India Cements, his flagship company with a significant presence in South India, has seen its market capital erode by a third since June 2009. In the quarter ended June 2013, it saw the lowest Ebitda (earnings before interest, tax, depreciation and amortisation) per tonne compared to peers. Lower, even, than small-cap entities such as Orient Cement.
Profits got impacted further due to loans in foreign currency. It reported mark to market losses (writing down the worth of assets to reflect current values) of Rs 27 crore in the June quarter.
A part of the problem is the manufacturing location. India Cements has major capacities in Andhra Pradesh, which has seen a huge impact on cement demand and in turn pricing, due to lower spending on infrastructure by the state government and political issues such as Telangana.
The operational performance is not comparable with larger peers such as UltraTech and ACC, which have an all-India presence. Or with Shree Cement or Ambuja Cement, predominantly North India players
Srinivasan, vice-chairman of India Cements, said the company was engaged in an "unending" battle on the cost front. Especially on coal, freight and fuel; it was focused, he said, on improving of efficiency and keeping variable costs in control. In Andhra Pradesh, there is a power holiday for 12 days in a month; each of the other days has a four-hour stoppage in supply. This has substantially pushed up power and production costs.

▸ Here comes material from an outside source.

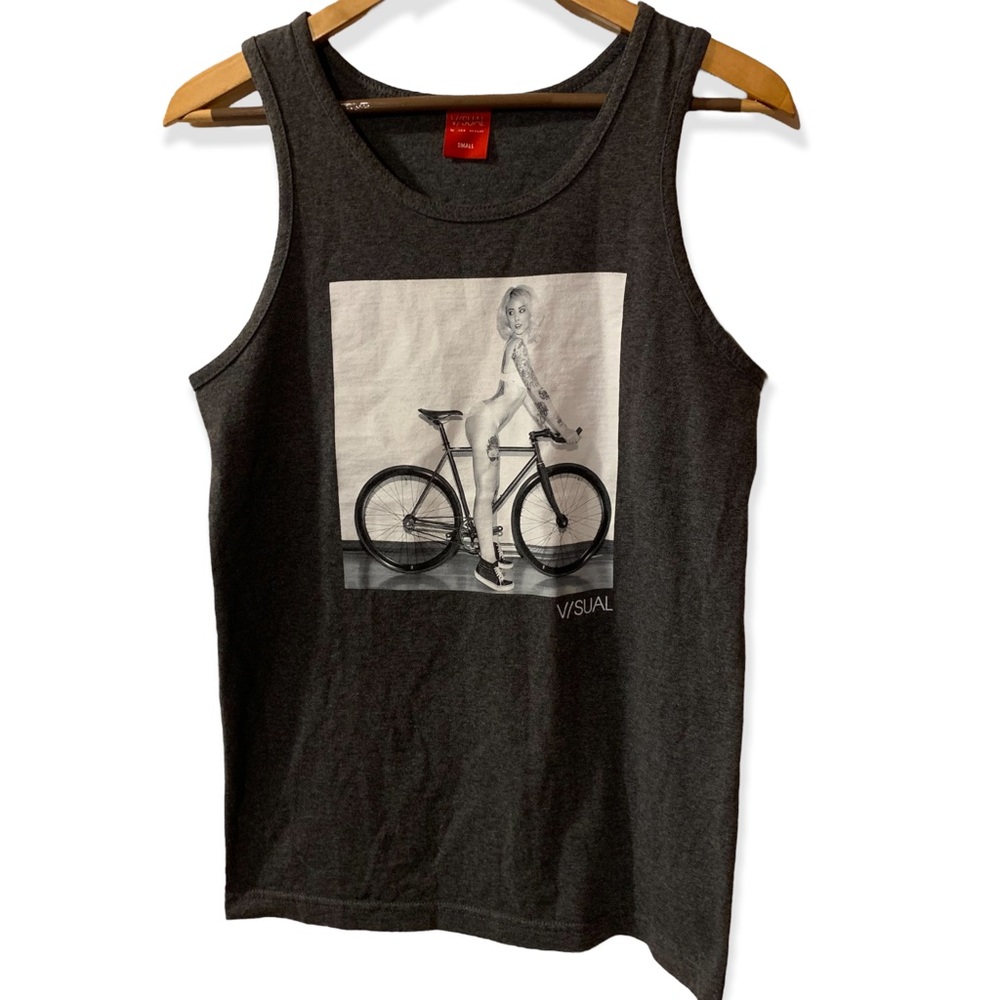 Visual V/SUAL by Van Style Tank Sleeveless Grey Sexy Tattoo Blonde Bicycle sz S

The company has invested Rs 500-600 crore in setting up captive power plants of 50 Mw each in Tamil Nadu and Andhra. It has created capacity to generate 160-170 Mw, meeting 80 per cent of its requirement. A company official said the impact will be seen in the Ebitda. From the two power plants, the company expects around Rs 70 crore benefit.

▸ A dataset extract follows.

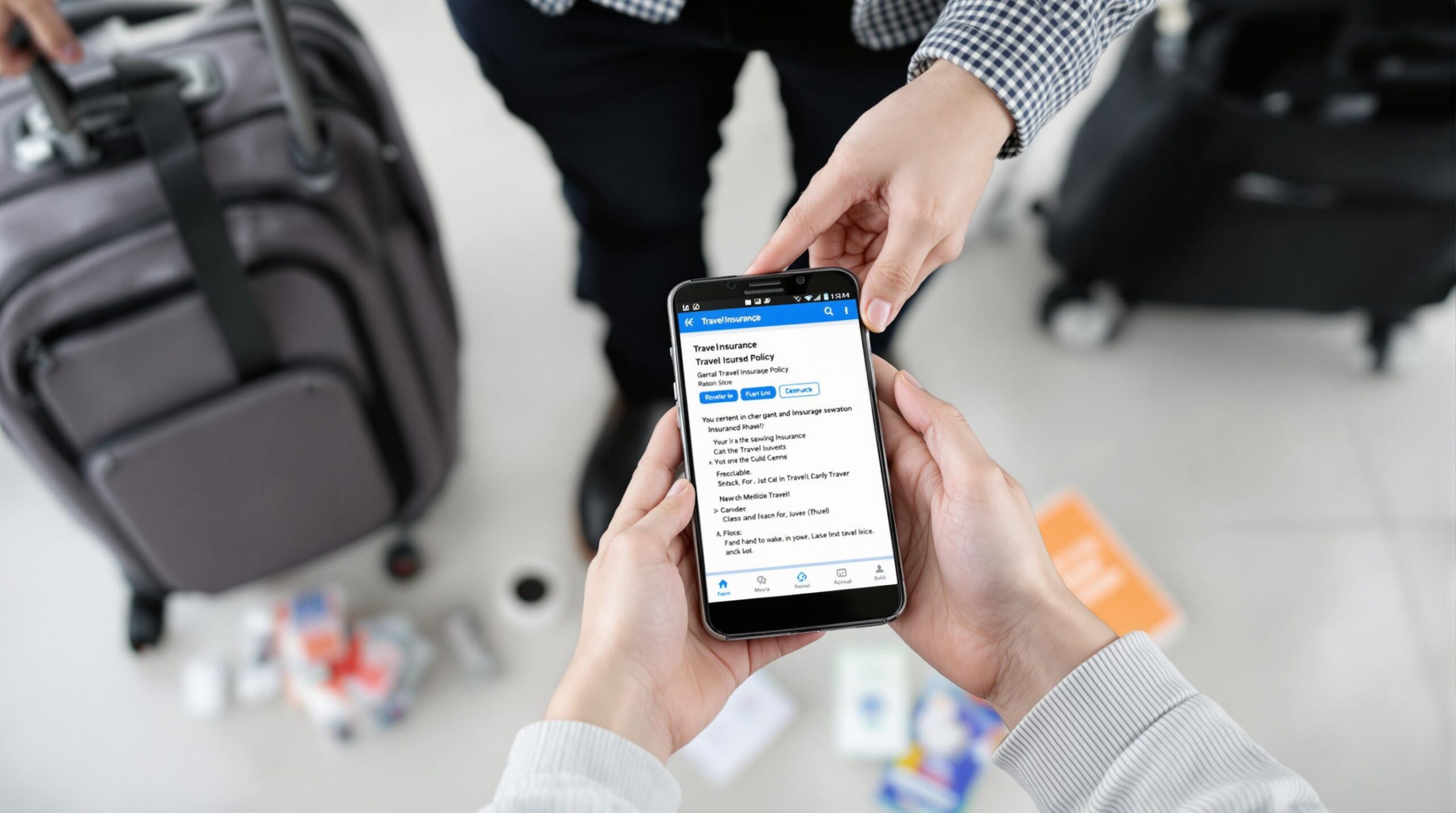 assurance voyage internationale : voyageurs heureux avec leurs valises devant un aéroport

Srinivasan said when it came to cost and other operational parameters, the company was at par with plants in Tamil Nadu. Its debt to equity ratio is also less.
India Cements is able to sell 50 per cent of the cement produced by its Tamil Nadu plants in the state and in Kerala. In comparison, other companies in Tamil Nadu are selling 73-75 per cent of their production in the markets. This leads to a difference in margins.
Srinivasan said the controversies relating to cricket did not distract his attention on the company. "In fact, we re-focused better. Our focus is on how to increase our capacity utilisation."
Analysts say India Cements' revenues from the Indian Premier League cricket tournament have not grown as estimated, though profitability has improved. While analysts as Motilal Oswal estimated Rs 130 crore revenue from the IPL during the June quarter, the actual revenue was Rs 110 crore, lower than the Rs 120 crore in the June 2012 quarter. However, the Rs 32 crore of Ebitda was better than the Rs 21 crore in the year-ago quarter.
V Srinivasan at Angel Broking expects the company's return ratios to remain subdued due to substantial investments in subsidiaries (loans with zero per cent interest). He says at the current market price, though the stock is trading at a low enterprise value to tonne of $50 (Rs 3,060), there are no triggers for an upside and, thus, he remains neutral on the stock.
The hope for the company's performance remains the sustenance of September's price increases.
South India saw the sharpest - the price of a 50-kg bag rose in Chennai, Hyderabad, Kochi and Bangalore by Rs 60, Rs 60, Rs 30 and Rs 25, respectively. Also the company might get some respite on power costs in the second half of FY14, with its captive power plants stabilising.